Ein Beispiel für ESE ist die Entwicklung der Photosynthese vor 2,4 Milliarden Jahren, die den Sauerstoffgehalt der Atmosphäre erheblich steigern und somit die Voraussetzungen für komplexes Leben schaffen konnte. Auch Riffe, die Kohlendioxid speichern, und dichte Wälder, die durch den Albedo-Effekt das Klima beeinflussen, sind Beispiele für ESE-Prozesse, die weitreichende und langfristige Folgen haben. Diese biologischen Interaktionen können Ökosysteme über große Entfernungen hinweg beeinflussen und sind über die Zeit hinweg von großer Bedeutung.
Durch den neuen Ansatz können die Forscher aktuelle Beobachtungen mit historischen Daten aus der Fossilforschung verbinden. Prof. Dr. S. Kathleen Lyons von der University of Nebraska-Lincoln, Co-Autorin der Studie, betont, dass dieses Konzept dazu verwendet werden kann, um herauszufinden, ob bedeutende Veränderungen in der Erdgeschichte in bestimmten Clustern auftraten und ob deren Folgen vorhersagbar sind.
Ein zentrales Thema der Forschung ist die Rolle des modernen Menschen. Die Auswirkungen menschlicher Aktivitäten, wie die Nutzung fossiler Brennstoffe und die industrielle Landwirtschaft, haben globale und langfristige Konsequenzen, darunter die Klimakrise und das Artensterben. Die Forscher stellen die Frage, ob die gegenwärtigen vom Menschen verursachten Effekte tatsächlich einzigartig sind oder ob es in der Erdgeschichte vergleichbare Ereignisse gab.
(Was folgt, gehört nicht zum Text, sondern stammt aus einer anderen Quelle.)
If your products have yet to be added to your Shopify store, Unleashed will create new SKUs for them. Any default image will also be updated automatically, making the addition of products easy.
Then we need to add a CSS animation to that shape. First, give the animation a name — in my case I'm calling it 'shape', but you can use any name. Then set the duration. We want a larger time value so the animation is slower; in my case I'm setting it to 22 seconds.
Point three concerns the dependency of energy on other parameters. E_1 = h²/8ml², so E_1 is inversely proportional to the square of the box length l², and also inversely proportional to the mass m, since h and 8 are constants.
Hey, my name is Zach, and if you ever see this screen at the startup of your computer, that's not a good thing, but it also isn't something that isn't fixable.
Durch das Studium fossiler Überlieferungen können Hinweise auf vergangene ESE-Prozesse gefunden werden, die nach Massenaussterben unterbrochen oder geschwächt wurden.
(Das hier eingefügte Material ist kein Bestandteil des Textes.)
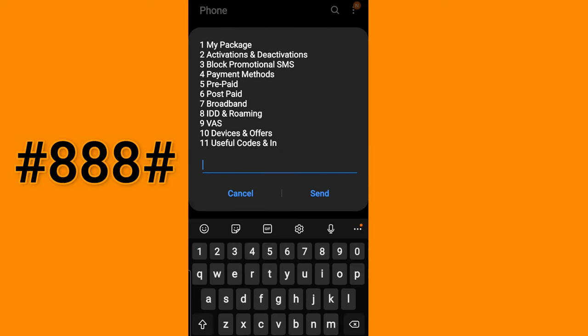Options include my package detail, activation and deactivation, block promotional SMS. The third option is very useful when they are sending promotional SMS you can stop. Payment method, prepaid, postpaid, and broadband section, IDD, BAS, device and offer, and 11 useful codes.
Angesichts der aktuellen Herausforderungen in Bezug auf Biodiversität und Klimawandel sind diese Erkenntnisse von großer Bedeutung. Die Antworten auf die Fragen nach den langfristigen Folgen menschlichen Handelns im Anthropozän können dazu beitragen, die gegenwärtige ökologische Krise besser zu verstehen und mögliche Wege zur Minderung der Auswirkungen zu finden. In der Tat ist die Forschung um die Wechselwirkungen zwischen Organismen und ihrem Planeten nicht nur von wissenschaftlichem Interesse, sondern auch von entscheidender Relevanz für die Zukunft der Erde.